The trans-Siberian journey was kind of learning without
pedagogy, an exercise in improvisation as much as
organisation, a passionate encounter where relations by
hand, touch, and intuition (although not necessarily
physical) outweighed those that occurred on the cusp of
understanding. Beyond the lands of the Roman alphabet,
with only one Russian and one Mandarin speaker, the signs
become illegible and the entire symbolic realm of
language begins to fall away - imposing itself as a kind
of barrier, sure, but also opening new vistas of intimacy
that are neither communicative nor symbiotic. To buy food
on the platform, one was left only with the hands -
pointing, counting the fingers, expressing gratitude by
joining the palms. Some used digital cameras to display
the items they wanted to purchase. But this gestural
economy, importantly motivated by commodity exchange,
could not go unnoticed by the group. Obsessed with the
movement of the economy from the limited sphere of
rationality to the in-born and adaptive human faculties,
the discussion constantly veered back to these chance
encounters. Perhaps because this accidental ethnography -
more than the internal group dynamic - registered how the
purity of experience is always contaminated by
contingency and context.
The memory traces of this event were already under
construction before it began. Part of the process
involved the use of newly invented 'mobicasting' software
to feed images and sounds via mobile phone from the train
to a website (http://www.kiasma.fi/transsiberia)

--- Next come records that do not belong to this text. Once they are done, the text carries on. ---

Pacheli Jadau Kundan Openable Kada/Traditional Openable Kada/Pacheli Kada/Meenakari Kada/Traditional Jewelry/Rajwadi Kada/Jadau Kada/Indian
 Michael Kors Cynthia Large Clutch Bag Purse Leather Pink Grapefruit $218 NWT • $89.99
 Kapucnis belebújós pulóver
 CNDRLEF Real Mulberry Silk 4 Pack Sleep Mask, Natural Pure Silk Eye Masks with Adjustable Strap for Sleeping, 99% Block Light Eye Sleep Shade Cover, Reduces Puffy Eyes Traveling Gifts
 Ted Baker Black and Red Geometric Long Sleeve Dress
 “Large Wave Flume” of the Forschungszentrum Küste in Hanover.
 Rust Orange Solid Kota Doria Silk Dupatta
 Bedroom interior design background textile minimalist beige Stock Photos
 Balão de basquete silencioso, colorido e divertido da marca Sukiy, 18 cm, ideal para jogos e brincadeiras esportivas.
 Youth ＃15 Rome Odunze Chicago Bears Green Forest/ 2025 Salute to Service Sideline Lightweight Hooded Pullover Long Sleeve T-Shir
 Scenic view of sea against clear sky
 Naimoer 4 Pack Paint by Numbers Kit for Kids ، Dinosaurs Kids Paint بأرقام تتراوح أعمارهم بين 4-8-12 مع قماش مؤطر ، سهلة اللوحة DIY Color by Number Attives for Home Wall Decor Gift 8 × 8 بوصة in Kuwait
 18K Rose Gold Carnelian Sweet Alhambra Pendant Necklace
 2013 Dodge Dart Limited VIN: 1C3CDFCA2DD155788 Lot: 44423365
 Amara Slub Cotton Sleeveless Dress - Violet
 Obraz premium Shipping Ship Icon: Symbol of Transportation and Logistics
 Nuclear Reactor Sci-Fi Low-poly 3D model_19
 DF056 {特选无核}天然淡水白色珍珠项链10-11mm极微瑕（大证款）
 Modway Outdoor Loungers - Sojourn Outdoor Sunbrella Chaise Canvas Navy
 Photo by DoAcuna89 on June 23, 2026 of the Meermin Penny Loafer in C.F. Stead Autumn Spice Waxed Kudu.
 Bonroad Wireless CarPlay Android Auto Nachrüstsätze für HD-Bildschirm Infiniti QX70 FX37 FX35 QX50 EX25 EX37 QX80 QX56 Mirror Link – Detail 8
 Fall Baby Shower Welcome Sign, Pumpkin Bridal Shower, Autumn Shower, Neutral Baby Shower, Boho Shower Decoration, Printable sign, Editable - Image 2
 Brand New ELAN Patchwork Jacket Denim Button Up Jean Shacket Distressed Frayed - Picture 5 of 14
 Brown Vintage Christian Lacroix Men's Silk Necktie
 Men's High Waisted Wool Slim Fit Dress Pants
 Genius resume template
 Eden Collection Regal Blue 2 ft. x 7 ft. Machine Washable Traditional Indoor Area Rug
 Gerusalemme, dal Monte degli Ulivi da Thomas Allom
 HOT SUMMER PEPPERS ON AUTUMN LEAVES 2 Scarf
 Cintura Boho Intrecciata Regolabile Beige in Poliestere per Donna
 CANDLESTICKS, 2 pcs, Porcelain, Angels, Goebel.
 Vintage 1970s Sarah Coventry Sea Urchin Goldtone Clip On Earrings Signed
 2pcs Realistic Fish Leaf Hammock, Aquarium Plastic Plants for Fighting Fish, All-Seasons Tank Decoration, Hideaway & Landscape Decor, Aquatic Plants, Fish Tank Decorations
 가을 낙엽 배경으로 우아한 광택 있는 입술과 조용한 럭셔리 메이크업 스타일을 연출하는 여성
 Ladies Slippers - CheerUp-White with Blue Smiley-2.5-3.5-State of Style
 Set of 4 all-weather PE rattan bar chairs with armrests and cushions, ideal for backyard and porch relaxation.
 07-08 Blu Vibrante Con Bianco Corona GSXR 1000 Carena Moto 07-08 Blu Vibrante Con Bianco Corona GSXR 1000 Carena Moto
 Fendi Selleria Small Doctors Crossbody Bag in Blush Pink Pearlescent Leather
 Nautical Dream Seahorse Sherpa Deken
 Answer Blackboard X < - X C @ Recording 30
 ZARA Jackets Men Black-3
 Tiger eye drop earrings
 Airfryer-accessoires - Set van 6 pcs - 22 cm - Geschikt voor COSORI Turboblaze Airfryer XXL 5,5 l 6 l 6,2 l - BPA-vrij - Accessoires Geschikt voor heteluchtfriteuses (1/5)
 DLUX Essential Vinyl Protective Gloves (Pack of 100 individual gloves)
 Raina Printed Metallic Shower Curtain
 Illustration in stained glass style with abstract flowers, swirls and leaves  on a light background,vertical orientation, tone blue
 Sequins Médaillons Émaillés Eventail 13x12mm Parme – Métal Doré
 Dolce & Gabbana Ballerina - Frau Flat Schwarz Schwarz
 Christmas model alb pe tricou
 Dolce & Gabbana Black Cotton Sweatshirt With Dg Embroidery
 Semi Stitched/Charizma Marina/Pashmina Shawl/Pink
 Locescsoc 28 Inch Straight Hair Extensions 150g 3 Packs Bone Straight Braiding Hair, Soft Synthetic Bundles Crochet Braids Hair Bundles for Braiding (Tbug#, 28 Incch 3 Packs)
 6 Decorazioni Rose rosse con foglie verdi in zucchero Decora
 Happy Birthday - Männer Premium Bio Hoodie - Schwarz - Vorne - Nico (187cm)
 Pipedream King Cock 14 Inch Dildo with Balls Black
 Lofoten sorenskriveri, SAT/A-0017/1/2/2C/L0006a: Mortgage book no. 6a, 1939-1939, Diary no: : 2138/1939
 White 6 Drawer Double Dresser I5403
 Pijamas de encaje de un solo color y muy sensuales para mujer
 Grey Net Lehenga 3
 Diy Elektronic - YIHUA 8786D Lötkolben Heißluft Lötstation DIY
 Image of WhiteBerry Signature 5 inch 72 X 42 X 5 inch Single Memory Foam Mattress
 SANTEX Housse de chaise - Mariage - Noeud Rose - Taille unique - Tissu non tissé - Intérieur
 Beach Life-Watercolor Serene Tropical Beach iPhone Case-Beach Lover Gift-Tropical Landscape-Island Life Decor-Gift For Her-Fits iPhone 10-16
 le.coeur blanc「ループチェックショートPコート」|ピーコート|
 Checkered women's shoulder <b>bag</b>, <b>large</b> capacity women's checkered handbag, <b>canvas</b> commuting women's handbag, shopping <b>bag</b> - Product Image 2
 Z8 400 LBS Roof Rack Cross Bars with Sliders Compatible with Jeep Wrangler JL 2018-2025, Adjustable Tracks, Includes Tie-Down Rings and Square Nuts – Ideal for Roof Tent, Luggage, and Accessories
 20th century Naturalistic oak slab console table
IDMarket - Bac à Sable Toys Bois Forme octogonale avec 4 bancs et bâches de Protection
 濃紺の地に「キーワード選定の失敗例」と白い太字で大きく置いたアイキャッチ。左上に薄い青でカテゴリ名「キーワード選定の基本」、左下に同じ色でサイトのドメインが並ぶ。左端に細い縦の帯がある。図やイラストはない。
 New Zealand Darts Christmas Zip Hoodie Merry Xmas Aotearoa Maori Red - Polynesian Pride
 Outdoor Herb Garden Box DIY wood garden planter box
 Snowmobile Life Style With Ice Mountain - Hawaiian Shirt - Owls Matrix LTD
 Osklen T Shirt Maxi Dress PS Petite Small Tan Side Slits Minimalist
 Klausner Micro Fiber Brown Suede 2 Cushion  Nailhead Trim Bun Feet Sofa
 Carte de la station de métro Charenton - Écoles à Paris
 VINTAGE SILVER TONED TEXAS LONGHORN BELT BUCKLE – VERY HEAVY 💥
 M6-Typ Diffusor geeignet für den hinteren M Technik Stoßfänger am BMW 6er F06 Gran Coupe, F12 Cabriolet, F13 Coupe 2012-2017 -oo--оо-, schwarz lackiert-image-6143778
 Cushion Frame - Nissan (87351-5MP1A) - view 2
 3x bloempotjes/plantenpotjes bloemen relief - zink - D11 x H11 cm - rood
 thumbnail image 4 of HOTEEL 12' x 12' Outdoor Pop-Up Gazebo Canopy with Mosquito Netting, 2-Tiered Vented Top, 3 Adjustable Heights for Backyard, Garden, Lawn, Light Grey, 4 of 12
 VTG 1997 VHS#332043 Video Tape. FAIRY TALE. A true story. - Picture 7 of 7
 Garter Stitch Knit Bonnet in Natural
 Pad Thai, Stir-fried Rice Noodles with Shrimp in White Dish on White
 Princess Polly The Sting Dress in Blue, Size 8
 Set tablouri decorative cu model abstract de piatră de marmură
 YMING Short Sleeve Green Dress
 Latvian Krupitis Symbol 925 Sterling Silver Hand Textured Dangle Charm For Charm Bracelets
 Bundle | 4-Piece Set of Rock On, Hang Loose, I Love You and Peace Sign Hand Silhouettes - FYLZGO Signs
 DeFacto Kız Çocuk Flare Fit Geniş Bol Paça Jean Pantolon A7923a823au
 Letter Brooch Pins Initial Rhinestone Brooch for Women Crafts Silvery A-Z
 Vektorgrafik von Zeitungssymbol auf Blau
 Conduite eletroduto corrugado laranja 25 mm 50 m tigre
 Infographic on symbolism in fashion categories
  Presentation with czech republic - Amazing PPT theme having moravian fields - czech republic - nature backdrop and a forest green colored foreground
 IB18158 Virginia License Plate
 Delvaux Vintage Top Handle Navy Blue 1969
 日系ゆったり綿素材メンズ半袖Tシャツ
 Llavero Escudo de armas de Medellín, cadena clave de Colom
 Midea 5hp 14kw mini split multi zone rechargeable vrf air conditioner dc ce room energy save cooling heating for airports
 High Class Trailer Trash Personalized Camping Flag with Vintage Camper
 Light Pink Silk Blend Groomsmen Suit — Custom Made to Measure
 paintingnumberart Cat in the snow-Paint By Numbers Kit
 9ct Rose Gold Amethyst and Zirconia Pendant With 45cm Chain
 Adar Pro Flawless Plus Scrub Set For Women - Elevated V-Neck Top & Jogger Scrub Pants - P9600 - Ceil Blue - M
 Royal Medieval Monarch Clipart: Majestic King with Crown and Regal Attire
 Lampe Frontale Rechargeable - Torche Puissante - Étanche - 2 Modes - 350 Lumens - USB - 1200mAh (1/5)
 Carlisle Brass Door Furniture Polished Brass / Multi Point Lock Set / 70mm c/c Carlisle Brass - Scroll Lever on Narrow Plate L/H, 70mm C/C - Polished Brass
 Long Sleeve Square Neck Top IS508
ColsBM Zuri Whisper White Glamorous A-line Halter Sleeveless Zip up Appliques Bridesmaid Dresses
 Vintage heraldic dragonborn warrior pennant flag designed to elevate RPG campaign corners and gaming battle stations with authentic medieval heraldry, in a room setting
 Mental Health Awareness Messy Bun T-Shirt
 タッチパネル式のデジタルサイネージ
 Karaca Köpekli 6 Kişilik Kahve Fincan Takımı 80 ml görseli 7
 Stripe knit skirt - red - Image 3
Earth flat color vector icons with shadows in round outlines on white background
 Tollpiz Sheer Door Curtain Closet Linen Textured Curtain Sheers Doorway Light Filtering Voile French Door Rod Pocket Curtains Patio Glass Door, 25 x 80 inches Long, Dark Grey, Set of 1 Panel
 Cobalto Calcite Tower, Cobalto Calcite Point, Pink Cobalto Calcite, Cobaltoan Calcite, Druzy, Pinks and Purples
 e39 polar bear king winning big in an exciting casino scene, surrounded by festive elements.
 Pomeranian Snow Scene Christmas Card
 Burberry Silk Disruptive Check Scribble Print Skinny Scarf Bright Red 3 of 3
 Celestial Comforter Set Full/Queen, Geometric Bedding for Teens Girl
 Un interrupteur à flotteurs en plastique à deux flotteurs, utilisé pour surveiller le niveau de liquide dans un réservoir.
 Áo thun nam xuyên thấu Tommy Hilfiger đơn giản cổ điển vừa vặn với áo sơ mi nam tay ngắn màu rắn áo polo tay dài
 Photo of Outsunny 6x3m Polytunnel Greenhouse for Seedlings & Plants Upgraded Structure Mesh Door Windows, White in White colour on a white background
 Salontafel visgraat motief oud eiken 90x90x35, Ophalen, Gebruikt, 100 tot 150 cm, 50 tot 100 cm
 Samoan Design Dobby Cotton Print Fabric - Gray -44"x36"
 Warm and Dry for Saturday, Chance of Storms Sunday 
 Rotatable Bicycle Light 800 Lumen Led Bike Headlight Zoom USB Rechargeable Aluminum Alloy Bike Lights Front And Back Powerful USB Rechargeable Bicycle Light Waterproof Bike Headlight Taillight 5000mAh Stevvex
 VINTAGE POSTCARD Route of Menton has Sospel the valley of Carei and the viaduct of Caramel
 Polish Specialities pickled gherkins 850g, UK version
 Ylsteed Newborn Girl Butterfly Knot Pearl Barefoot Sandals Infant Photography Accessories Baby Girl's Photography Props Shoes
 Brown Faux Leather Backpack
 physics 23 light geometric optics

and display in the Kiasma Museum of Contemporary Art in
Helsinki. An exercise in the assemblage of an open
archive as much as an act of intellectual tourism, the
conference sought to build common resources for creative
political expression. Nor has this generativity ceased
with the dispersal of the participants, each of whom came
and left with his own baggage. As the object of journal
issues and art exhibitions, one of which will be held at
the Villa Croce museo d'arte contemporanea in Genova next
summer, the process goes on. Disposable cameras
distributed to non-conference travellers on the train
will be sent to a studio in London, film rushes shot on
the journey will be stitched together
with others, digital video of an action carried out at
the Russian-Mongolian border will provide source material
for media art, a manifesto about a network of networks
will be penned. But these material products should not be
considered ends in themselves. The point of the
conference was to
institute, through the sheer experience of movement, a
mode of being that reveals itself phenomenologically - a
way of living without opportunism or fear, paralysis or
submission. Such a strike against boredom, or activism
for the sake of activism, can have no outcome. It exists
only in the present, somewhere between departure and
arrival, in the thick of the night, when the movement
seems to slow and the rhythm of the train at once wakes
you and lulls you back to sleep. In this time and space,
there is neither dream nor calculation, transport nor
retreat, but only the incessant clang of metal on metal.